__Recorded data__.
= = =

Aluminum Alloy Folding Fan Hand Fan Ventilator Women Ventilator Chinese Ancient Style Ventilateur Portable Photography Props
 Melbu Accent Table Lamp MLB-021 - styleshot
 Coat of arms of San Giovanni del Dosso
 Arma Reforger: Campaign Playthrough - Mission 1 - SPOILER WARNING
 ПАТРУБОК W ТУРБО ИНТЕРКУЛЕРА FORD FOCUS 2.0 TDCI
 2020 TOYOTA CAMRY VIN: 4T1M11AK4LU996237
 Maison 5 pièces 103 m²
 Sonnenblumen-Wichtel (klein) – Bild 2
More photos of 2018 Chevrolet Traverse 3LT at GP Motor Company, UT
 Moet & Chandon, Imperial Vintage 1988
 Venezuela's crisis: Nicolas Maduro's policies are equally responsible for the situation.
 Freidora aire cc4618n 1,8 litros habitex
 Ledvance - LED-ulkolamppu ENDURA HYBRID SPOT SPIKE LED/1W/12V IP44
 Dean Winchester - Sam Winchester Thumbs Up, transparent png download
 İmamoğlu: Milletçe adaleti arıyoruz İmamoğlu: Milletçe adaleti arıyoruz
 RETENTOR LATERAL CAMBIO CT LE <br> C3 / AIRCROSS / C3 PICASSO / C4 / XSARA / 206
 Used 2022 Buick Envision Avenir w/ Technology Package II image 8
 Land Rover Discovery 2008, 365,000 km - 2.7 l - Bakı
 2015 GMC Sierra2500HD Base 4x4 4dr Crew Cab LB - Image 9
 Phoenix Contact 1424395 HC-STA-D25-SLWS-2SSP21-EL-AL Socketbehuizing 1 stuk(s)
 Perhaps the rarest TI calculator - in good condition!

= = =

__Aim of the exercise__. Repeat the line that contains "Land Rover Discovery", then every line after it until the records end, with nothing added.

__Solution to the problem__.
 Land Rover Discovery 2008, 365,000 km - 2.7 l - Bakı
 2015 GMC Sierra2500HD Base 4x4 4dr Crew Cab LB - Image 9
 Phoenix Contact 1424395 HC-STA-D25-SLWS-2SSP21-EL-AL Socketbehuizing 1 stuk(s)
 Perhaps the rarest TI calculator - in good condition!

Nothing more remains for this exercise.